3. How does a transistor function as an electronic switch?
A transistor acts as a switch by operating in two distinct regions: the cutoff region and the saturation region.
- OFF State (Cutoff Region): When no current is applied to the base, the transistor allows almost no current to flow from the collector to the emitter. This is equivalent to an open switch.
- ON State (Saturation Region): When a sufficient current is applied to the base, the transistor allows the maximum possible current to flow from the collector to the emitter. This is equivalent to a closed switch.
By controlling the small base current, we can turn the much larger collector current on or off.
4. Explain the principle of a transistor working as an amplifier.
A transistor works as an amplifier when operated in its active region. In this state, a small change in the input signal (applied as a small base current, I_B) results in a much larger, proportional change in the output signal (the collector current, I_C). The ratio of the change in collector current to the change in base current is called the current amplification factor (β). This amplification is possible because the small input signal controls the flow of a much larger current from an external power supply through the collector-emitter path.
5. Why is a Bipolar Junction Transistor (BJT) considered a current-controlled device?
A BJT is called a current-controlled device because its output current (collector current, I_C) is primarily controlled by its input current (base current, I_B). The relationship is defined by the equation I_C = β * I_B, where β is the current gain. A small change in the base current directly causes a large, proportional change in the collector current. This is fundamentally different from devices like FETs (Field-Effect Transistors), which are voltage-controlled.
6. In what operating regions does a transistor act as an amplifier versus a switch, and why?
A transistor's function is determined by its operating region, which is set by its biasing:
- Amplifier: A transistor acts as an amplifier only in the active region.
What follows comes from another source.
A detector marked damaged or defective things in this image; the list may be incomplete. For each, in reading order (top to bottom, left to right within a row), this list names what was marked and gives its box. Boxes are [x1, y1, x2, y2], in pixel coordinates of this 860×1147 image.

This is because, in this region, the output collector current is a linear and magnified replica of the input base current, allowing for faithful signal amplification.
- Switch: A transistor acts as a switch by transitioning between the cutoff and saturation regions. The cutoff region represents the 'OFF' state (no current flow), and the saturation region represents the 'ON' state (maximum current flow). These two distinct states are ideal for representing binary logic (0 and 1).
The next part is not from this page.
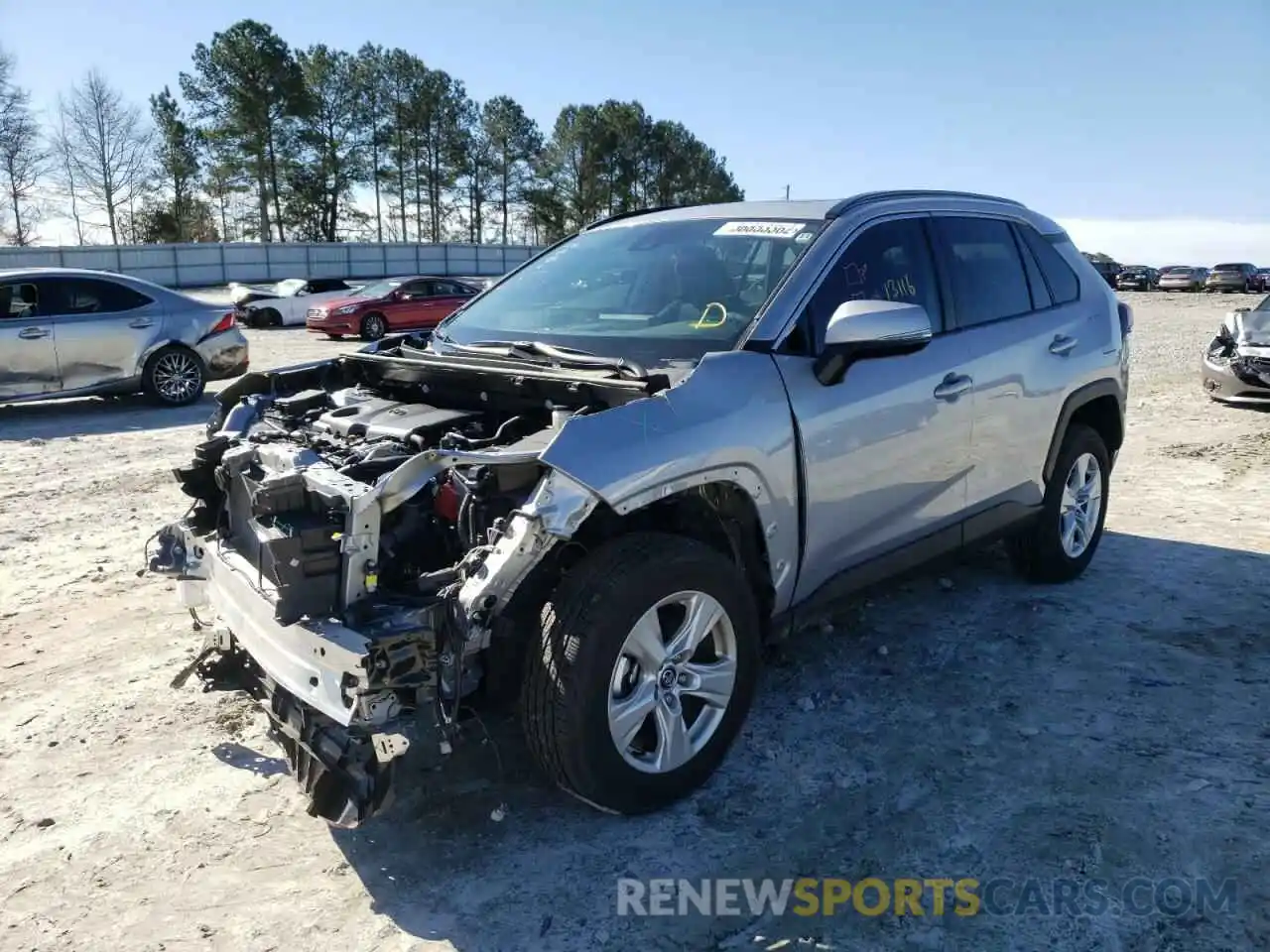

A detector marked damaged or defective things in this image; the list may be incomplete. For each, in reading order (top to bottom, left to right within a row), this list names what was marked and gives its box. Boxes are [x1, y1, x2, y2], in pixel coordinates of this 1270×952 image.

detached front bumper [144, 523, 421, 827]
damaged front end [151, 340, 665, 827]
damaged car fender [538, 347, 797, 611]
7. How are transistors fundamental to the operation of modern digital logic gates?
Transistors are the core components of digital logic gates because they can be used as extremely fast electronic switches. For example, in a simple NOT gate (inverter), a transistor can be configured so that:
- A high voltage (binary '1') at the input turns the transistor ON, pulling the output voltage to a low state (binary '0').
- A low voltage (binary '0') at the input turns the transistor OFF, allowing the output voltage to rise to a high state (binary '1').
By combining transistors in various configurations, all other fundamental logic gates like AND, OR, and NAND can be constructed, forming the basis of all microprocessors and digital circuits.
8. Does a transistor create energy when it amplifies a signal?
No, a transistor does not create energy. This is a common misconception. A transistor acts more like a valve or a regulator for an external power source (like a battery). The weak input signal simply controls this valve. The amplified output signal is a larger-power version of the input, but the additional power comes from the external DC power supply connected to the collector circuit, not from the transistor itself. It adheres to the law of conservation of energy by converting DC power from the supply into the AC power of the output signal.